Oud Product


The beautiful Samrosa is the first of the two wild-crafted Cambodian ouds we produced for royals of the Arabian Gulf. Whereas her concurrent distillation King Koh Kong (to be released later) got a lot of exposure, only a handful of people knew about this second distillation.
It was never going to be released on the website (the entire batch was supposed to be for the GCC royals), but one whiff of this oil was enough to make me change my mind.

King Koh Kong was distilled from large chips and chunks of incense-grade agarwood. Samrosa, on the other hand, was extracted from smaller oleoresin formations in the tree. Yes, incense-grade as well, but as practitioners of Monkoh know very well there are some differences in the scent of larger vs smaller oleoresin patches.

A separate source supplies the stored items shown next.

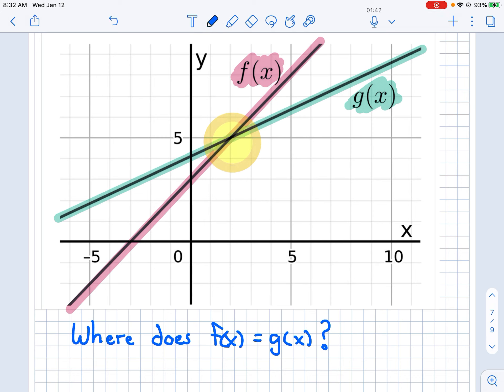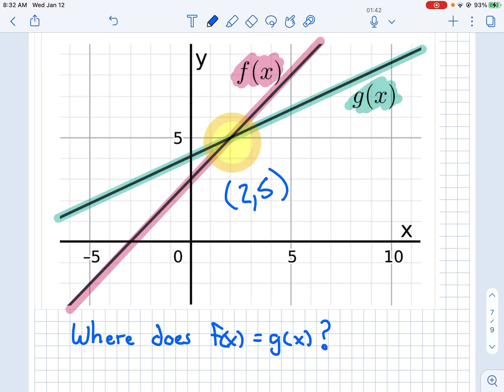Where x is 1, 2 and y is 1, 2, 3, 4, 5. So they cross at (2, 5).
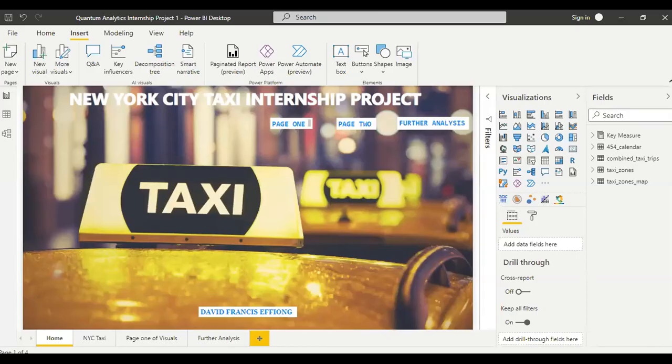Hi everyone, so happy to be here and so happy to have cleaned this data as you can see. This is my dashboard from the New York City green taxi project and I'm going to take you all through how I was able to get here.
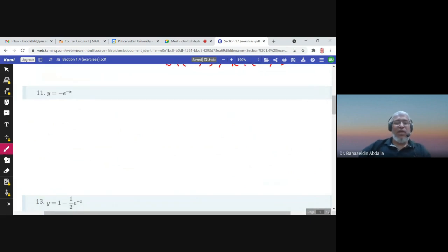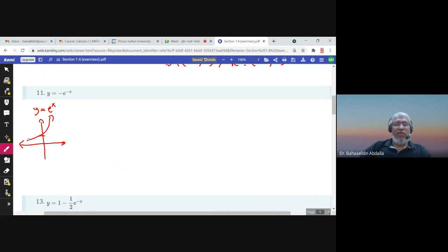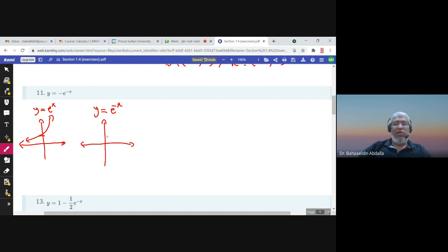Here we start with the graph of e^x as the basic function. Since e is greater than one, this is an increasing exponential. We have two reflections to apply. First, x is multiplied by negative, so there is a reflection about the y-axis, and the graph flips horizontally.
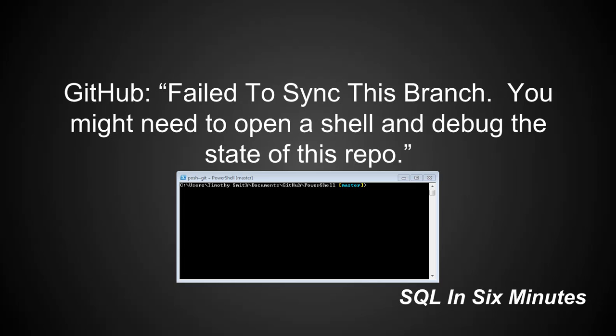So I would check those things: git status, git space status, ssh, what was it, dash t, git at github.com.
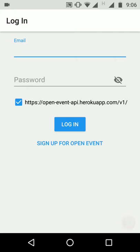This is the Open Event Orga application, which allows organizers to manage events created using the Open Event API. First of all, we will see the feature set, starting with user authentication. The app allows you to log in or sign up.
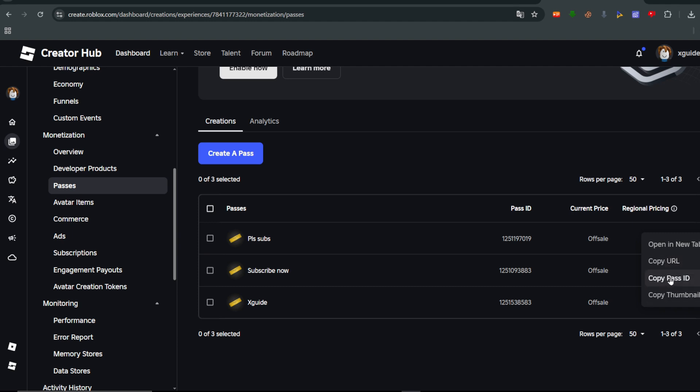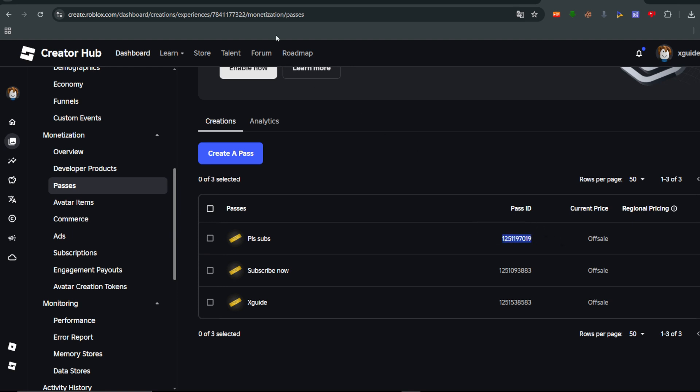You can either select Copy URL or you can copy the pass ID, which is the specific number to this game pass.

Both incense grade, both from Koh Kong, and even the distilltation techniques were exactly identical.
So what's the difference between the two oils?

Aside from the obvious difference in cost (larger agarwood chips and chunks are significantly more expensive, and therefore so are oils extracted from them), the two oils are unmistakably related to each other.
Just as the oleoresin formations in the tree were of different sizes, the difference between the two oils can also be analogized the same way.

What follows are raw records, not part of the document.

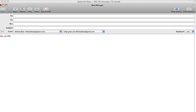Everything that you type in the email after this point will be the color that you chose. You can then just leave your own signature at the end. This is a kind of annoying workaround, but unfortunately it's the easiest and best workaround that we have.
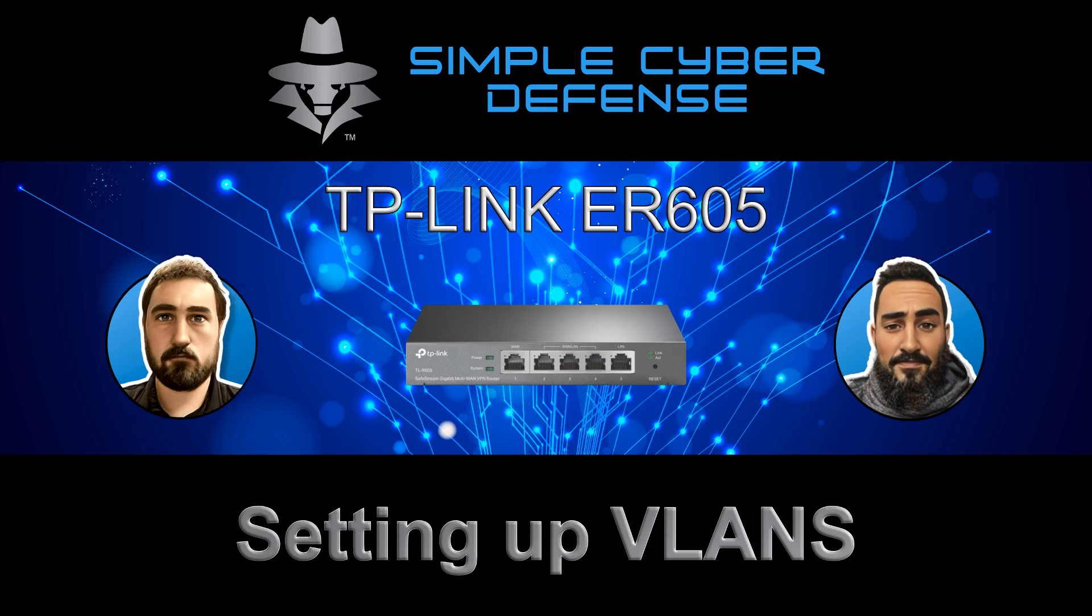Simple Cyber Defense Reviews TP-Link ER605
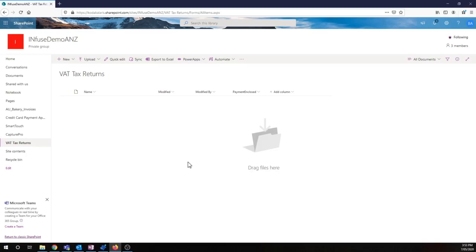Hello everybody, it's Bing from Konakalaris here, and today I thought it would be cool to check out how we can capture documents with Capture Pro straight into SharePoint.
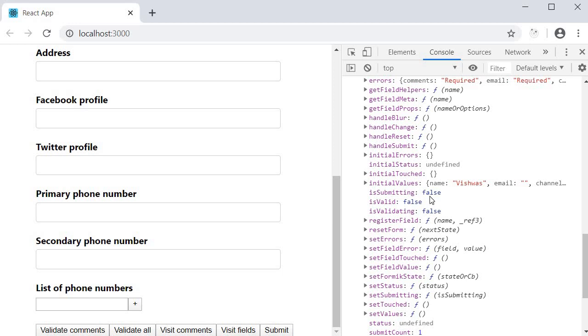So when you click on submit, Formik will automatically set isSubmitting to true. That would disable the submit button. Once the validation completes, if at all there were errors, Formik will automatically set isSubmitting to false and that is the reason the submit button is enabled again.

Whereas King Koh Kong is like a stately dignified king, Samrosa is like his sprightly queen - more flamboyant and lively, always the attention-grabber at royal functions, but still unmistakably regal.

The top notes are more vibrant and diffusive. The fruity notes are ever so slightly amplified and fleshier (and the figs are replaced by dried cherries), the tobacco and spicy notes are softer, and there's an extra dose of burnt toffee.
For all intensive purposes, this is Royal Pursat's Koh Kong cousin.
Samrosa. 100% wild Koh Kong Cambodian oud. 100% awesome.

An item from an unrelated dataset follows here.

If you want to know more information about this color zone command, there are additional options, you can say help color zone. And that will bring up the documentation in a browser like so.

Man, so glad I bought a bottle of samrosa. It is EXACTLY what I was craving.  A cambodian oud that creates a perfect balance between earthy and fruity. And the smoky, leathery oud dry down the next day on clothes is so good. Love it.  Totally my favorite in the collection right now.
M.N. (Canada)

Many thanks for making this almost indescribably beautiful oil available.
J.H. (UK)

I'm really digging the Samrosa, dried fruits, pipe tobacco and spices, the overall aroma reminded me so much of a lapsang souchong tea my grandfather used to drink, gorgeous stuff.
D.H. (Canada)

I put it for friday prayer and 3 days later (today) while I was walking by my room I smell the scent of burning chips and I was thinking I didn't burn any, and realised that it was the scent of Samrosa lingering in my jacket.
Y.B. (France)

Have you ever seen a "padparadscha sapphire"? In Singhalese, it's the name of an acquatic lotus blossom with a coloration somewhere between pink and flame orange.
The combination is a incredible salmon color!
Well, your Samrosa IS that color! It's the silken glimmer of a dancer in an ancient royal court...with graceful, stylized movements and regal just the moment when...the dancer BECOMES the dance.
The scent starts almost resinous moistness...then it turns into a shallow pond with still fragrant flowers massed together after a tropical rain storm. The breeze wafts.
The floral returns to woody. The woody gradually fades away after a long long time.
L.K. (USA)

SAMROSA scent profile should be categorize for a different league. Top note is pungent & musky. Smells like an Old Oud , but the olfactory is talking from the tree. The floral notes are not fruity as typical Koh Kong. But the fruit notes are more like plums and not over powering the top note. Middle note gave me memories from Sokh Khemer but bolder. The dry down has the classic spice note for the legendary oils from Koh Kong from the past. It gives me memories when I was a kid at the masjid in the 80's when an old Arab guy is giving Attar from a bottle to everybody , the whole masjid smelled like the Samorsa. This Oud should be in the museum of olfactory wonders.
I.R. (Canada)

Both Cambodian oils are very rich  so I will not go into the details as your descriptions are right on.  What I want to add is:  King Koh Kong and Samrosa are like Yin and Yang of your Koh Kong oil.  They are similar  and yet different.  I like to wear them at the same time to complete the olfactory experience. 
K.T. (USA)

A drop of Kam Bo Di... As soon as I applied ... nothing came to my mind except ...I said: I love you mannnn!!!
M.O. (Dubai)

Swiped Samrosa yesterday afternoon.  It was a very different Cambodian oil, for me.  I often have trouble with these oils.  They seem to hit my taste buds exactly where bitter resides.  Not this one.  Although the "flavor" was evident, it was not bitter.  And it was a more floral (not so fruity to me), dancing around a smooth wood, kind of fragrance.  Also with great longevity.  I am very surprised how much I liked this one, frankly.
L.M. (USA)

Samrosa is a basket of candied red fruit afforested, very sweet oil, 20% oil, 80% perfume, I find him a certain resemblance to Al Molouk of ASAQ I understand now where these houses perfumeries derive their inspirations...
F.Y. (France)

Wore Samrosa today and what more can I say other than truly majestic. Such depth and richness to this one.